“I mean that I don’t believe there is in human beings anything mysterious which can live unless the body is living, anything that doesn’t die simultaneously with the body. Of course there is something that we call mental, that likes and dislikes, loves and hates, and so on.”
“And cannot that something be depressed by misfortune?”
“I did not say I had had any misfortune.”
“Nor did I say so. Let us put it this way then—cannot that something be depressed?”
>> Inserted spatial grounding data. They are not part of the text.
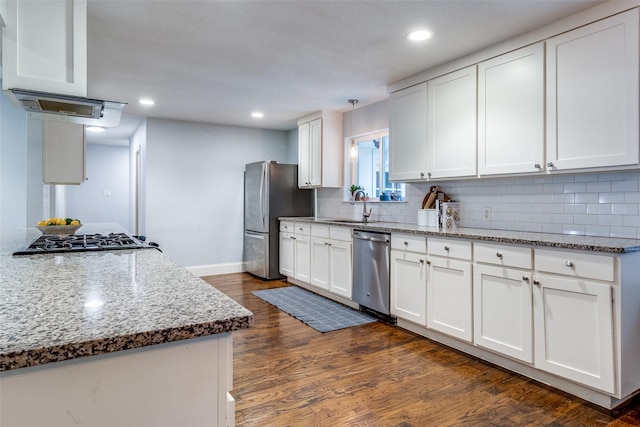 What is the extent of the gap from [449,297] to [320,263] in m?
1.91

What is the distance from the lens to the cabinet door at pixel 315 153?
5.05 metres

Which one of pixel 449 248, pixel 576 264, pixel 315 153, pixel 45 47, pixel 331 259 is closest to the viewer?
pixel 45 47

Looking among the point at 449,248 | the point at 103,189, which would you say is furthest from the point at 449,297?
the point at 103,189

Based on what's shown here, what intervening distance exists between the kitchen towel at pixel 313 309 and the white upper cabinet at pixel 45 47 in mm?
2577

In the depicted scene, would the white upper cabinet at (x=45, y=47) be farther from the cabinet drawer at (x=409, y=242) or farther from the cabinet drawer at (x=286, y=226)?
the cabinet drawer at (x=286, y=226)

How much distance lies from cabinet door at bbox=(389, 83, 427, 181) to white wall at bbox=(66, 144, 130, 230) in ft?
20.6

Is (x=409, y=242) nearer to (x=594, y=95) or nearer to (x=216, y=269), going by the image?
(x=594, y=95)

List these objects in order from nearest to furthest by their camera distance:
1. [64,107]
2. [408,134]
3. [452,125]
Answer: [64,107] < [452,125] < [408,134]

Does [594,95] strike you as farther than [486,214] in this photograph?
No

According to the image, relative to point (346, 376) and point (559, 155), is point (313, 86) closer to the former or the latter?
point (559, 155)

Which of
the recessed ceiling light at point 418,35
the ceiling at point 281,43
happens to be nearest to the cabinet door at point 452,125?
the ceiling at point 281,43

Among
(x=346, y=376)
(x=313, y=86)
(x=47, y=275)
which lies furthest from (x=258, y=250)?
(x=47, y=275)

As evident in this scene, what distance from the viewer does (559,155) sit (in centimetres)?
248

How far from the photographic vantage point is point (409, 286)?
322cm
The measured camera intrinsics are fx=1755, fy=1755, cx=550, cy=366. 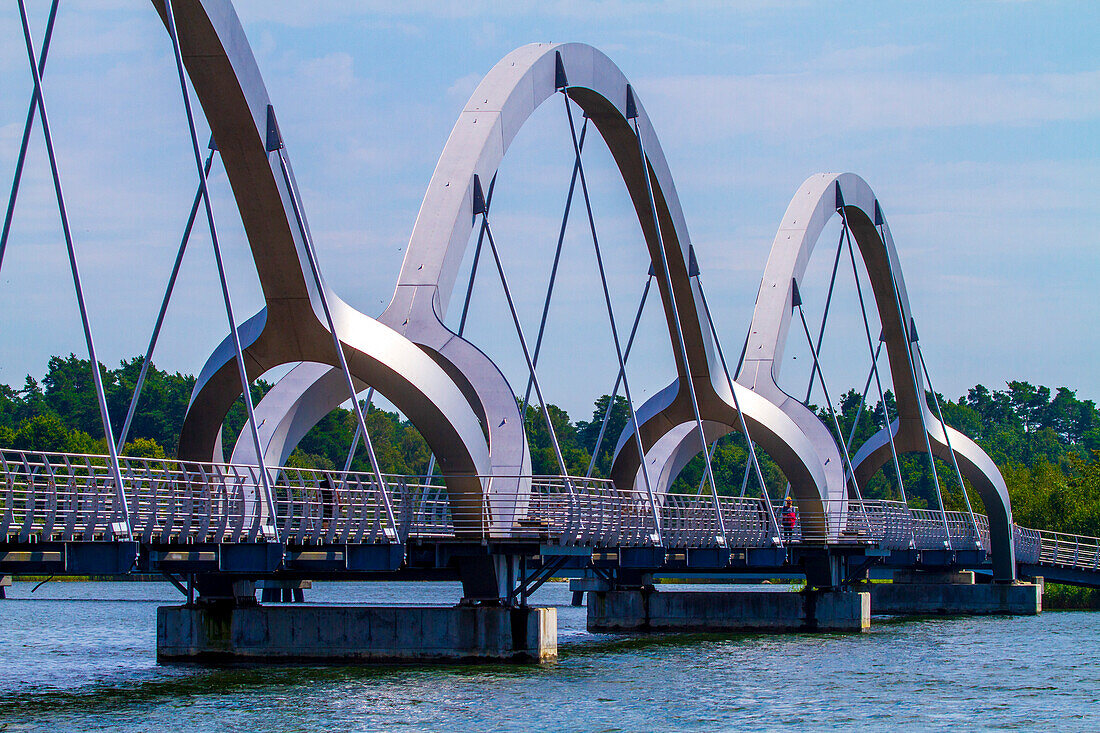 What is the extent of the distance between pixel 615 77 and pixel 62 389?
12245 centimetres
“To a certain degree, of course. But keep your body in perfect health, and you ought to be immune from extreme depression. And I believe you are immune. Frankly, Doctor Meyer Isaacson, I don’t think you are right. I am sure something is out of order in my body. There must be some pressure somewhere, some obscure derangement of the nerves, something radically wrong.”
“Try another doctor. Try a nerve specialist—a hypnotist, if you like: Hinton Morris, Scalinger, or Powell Burnham; I fear I cannot help you.”
“So it seems.”
She got up slowly. And still her movements were careless, but always full of a grace that was very individual.
“Remember,” she said, “that I have spoken to you so frankly in your capacity as a physician.”
“All I hear in this room I forget when I am out of it.”
“Truly?” she said.
“At any rate, I forget to speak of it,” he said, rather curtly.
“Good-bye,” she rejoined.
She left him with a strange sensation, of the hopelessness that comes from greed and acute worldliness, uncombined with any, even subconscious, conception of other possibilities than purely material ones.
What could such a woman have to look forward to at this period of her life?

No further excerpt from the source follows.